Unveiled nine months before the first kilometre will be raced, riders dressed in all their finery attended the presentation, walked awkwardly across the stage before offering up non-committal platitudes about a race that won’t take place for more than 250 days. Tadej Pogačar described week one as looking “hard” in the same way I might describe what I’m having for dinner tonight as “food.” Media outlets will now scramble to publish analysis pieces, picking over stages and isolating exact points at where the Tour will be won and lost.

I for one will not be falling for anything they say. Just like Donald Trump or Michael Gove (google him, actually…don’t), I’ve had enough of experts. Remember how that first mountain stage of the 2020 Tour de France to Mont Aigoual was bigged up and then Alexey Lutsenko went ahead and flattened the entire thing into a complete non-spectacle?
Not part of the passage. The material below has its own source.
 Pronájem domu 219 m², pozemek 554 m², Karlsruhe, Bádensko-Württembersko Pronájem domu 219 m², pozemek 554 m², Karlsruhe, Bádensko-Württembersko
Admittedly that is a very niche grudge to bear, and actually AL is a bit of a cult hero of mine, but if you stand for nothing, you’ll fall for anything.

Anyway, in place of any erudite analysis of things that haven’t happened yet, we’ve decided to examine the 21 stages of the 2023 Tour de France in another way: by their unspoken yet unequivocal vibe.
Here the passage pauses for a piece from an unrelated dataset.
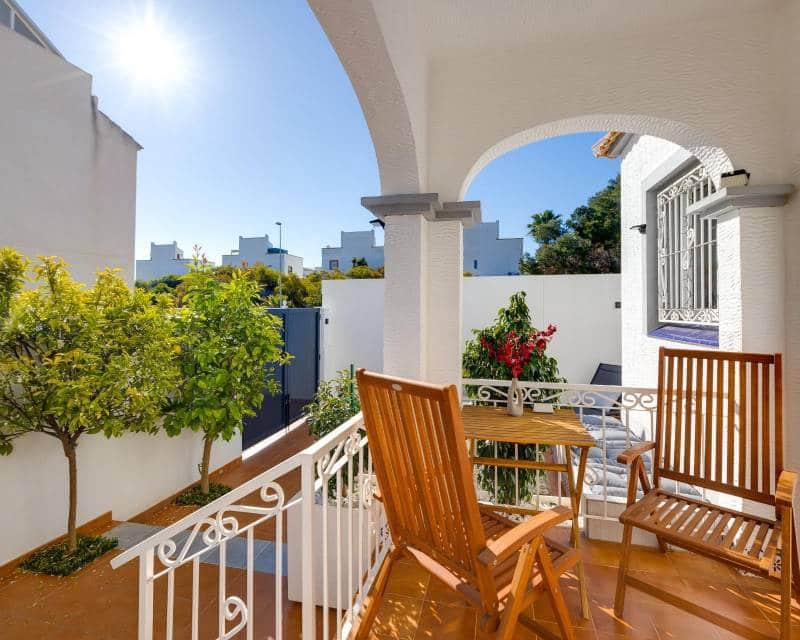 3 bedroom Terraced Villa for sale in Los Altos with pool garage - € 265,000 (Ref: 9739290)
Yes, we mean ‘vibe’ in the same way a springbreaker would describe sipping a Frappuccino as they get driven to the beach in a convertible by an adolescent named Jared, but instead apply it to men racing bikes over mountains in lycra. The cover image of this article, for example, of Fred Wright and Mattia Cattaneo racing against the backdrop of what looks like the Windows XP desktop background: indescribable, delicious vibes. A vibe isn’t something tangible, it exists in the ether, where ASO can’t package it up and sell it to the broadcaster with the highest bid before issuing copyright strikes against any of the little people who dare to do so much as tweet ‘Tour de France vibes’.
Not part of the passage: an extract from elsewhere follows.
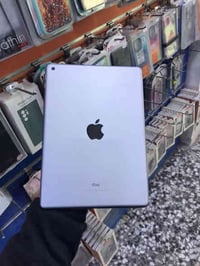 يالله🤍 ايباد 6  ذاكره 128  بطاريه فوك 90  نضافه 100‎%‎  سعره 135 بي مج...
So, without further ado, here are the 21 stages of the 2023 Tour de France listed in order from least vibe to most vibe. Of course, not all of the complete route maps have been released, which means some hidden gems could be lurking, currently uncovered. But if you want serious analysis you better look somewhere else as all we’re dealing with here are baseless and whimsical knee-jerk reactions.

Vibes.

Stage 11: Clermont-Ferrand – Moulins

I’ve been to Clermont-Ferrand once, during the 2020 Critérium du Dauphiné I believe. It’s a big rugby town and the stadium that is home to all the roughhousing has a glass appendage with a small balcony where the players can relax after training and eat some lunch. As I walked past it into town, minding my own business, a group of their hulking stares turned my way, unbreaking in their eye contact until I had exited their territory. It was very uncomfortable and weird. I am not looking forward to returning to Clermont-Ferrand. Moulins looks nice though, so maybe that can save the day.

Stage 4: Dax – Nogaro

While Dax – Nogaro sounds like a match-up of two characters from Dragonball Z about to engage in a bout of fisticuffs, I hold a conscious bias that stage 4 of the Tour de France is usually a slow-burner and rarely of consequence to the overarching narrative of the race. It’s a cosy, worn jumper of a stage. Nice, but not a vibe.

Stage 3: Amorebieta-Etxano (Spain) – Bayonne

The third stage of a foreign Grand Départ is like the third day of a stag/buck/bachelor party – at this point, you just want to go home.

Stage 7: Mont-de-Marsan – Bordeaux

Stage 7 of the 2023 Tour de France will take place on a Friday, a day when you’re gearing up for a Big Weekend of not working the job that is slowly grinding you into a fine dust until you’re dead, whereupon you’ll realise you’ve dedicated the majority of your life doing something rather inconsequential and making someone else rich.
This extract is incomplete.